## WORK TO COMPLETE
Below are some records; output exactly the lines from the line with "Sexy lingerie Hanfu flag nightgown lingerie" to the line with "Women Bridal Saree Montage on 9Apps", both ends kept, and nothing more.

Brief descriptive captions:
[Start of section]
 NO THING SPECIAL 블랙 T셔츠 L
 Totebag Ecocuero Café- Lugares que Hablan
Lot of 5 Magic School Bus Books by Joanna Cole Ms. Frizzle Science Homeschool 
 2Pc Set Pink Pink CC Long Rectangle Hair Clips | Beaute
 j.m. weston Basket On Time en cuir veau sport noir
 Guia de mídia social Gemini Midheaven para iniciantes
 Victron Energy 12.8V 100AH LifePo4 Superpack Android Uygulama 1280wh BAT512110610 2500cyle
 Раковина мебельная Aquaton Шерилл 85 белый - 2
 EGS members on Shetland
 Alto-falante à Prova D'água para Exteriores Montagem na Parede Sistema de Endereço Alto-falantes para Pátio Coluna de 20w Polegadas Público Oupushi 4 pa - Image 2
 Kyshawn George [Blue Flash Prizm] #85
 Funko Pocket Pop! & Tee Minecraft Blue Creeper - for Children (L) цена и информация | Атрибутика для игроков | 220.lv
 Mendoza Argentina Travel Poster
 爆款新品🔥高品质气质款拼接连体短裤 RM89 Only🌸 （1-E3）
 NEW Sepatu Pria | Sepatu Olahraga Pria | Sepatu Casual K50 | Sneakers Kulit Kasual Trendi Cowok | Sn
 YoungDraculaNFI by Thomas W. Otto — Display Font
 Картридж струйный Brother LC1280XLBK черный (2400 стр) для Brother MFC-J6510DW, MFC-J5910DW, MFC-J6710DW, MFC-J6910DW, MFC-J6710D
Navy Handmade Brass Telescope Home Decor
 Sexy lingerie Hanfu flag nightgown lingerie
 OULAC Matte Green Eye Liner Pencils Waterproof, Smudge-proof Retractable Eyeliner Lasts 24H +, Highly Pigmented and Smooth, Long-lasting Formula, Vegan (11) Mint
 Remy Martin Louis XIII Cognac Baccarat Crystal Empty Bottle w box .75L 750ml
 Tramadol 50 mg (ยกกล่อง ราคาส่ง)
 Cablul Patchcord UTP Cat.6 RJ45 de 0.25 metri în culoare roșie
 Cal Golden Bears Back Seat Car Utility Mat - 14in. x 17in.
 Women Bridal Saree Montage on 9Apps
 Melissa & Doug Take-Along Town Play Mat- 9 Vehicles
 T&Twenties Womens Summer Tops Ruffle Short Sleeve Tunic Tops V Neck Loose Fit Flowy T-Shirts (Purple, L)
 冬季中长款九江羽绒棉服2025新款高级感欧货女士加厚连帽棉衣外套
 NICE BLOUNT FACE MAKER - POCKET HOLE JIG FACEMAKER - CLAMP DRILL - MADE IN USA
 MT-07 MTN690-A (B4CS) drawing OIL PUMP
[End of section]
## RESPONSE BOX
 Sexy lingerie Hanfu flag nightgown lingerie
 OULAC Matte Green Eye Liner Pencils Waterproof, Smudge-proof Retractable Eyeliner Lasts 24H +, Highly Pigmented and Smooth, Long-lasting Formula, Vegan (11) Mint
 Remy Martin Louis XIII Cognac Baccarat Crystal Empty Bottle w box .75L 750ml
 Tramadol 50 mg (ยกกล่อง ราคาส่ง)
 Cablul Patchcord UTP Cat.6 RJ45 de 0.25 metri în culoare roșie
 Cal Golden Bears Back Seat Car Utility Mat - 14in. x 17in.
 Women Bridal Saree Montage on 9Apps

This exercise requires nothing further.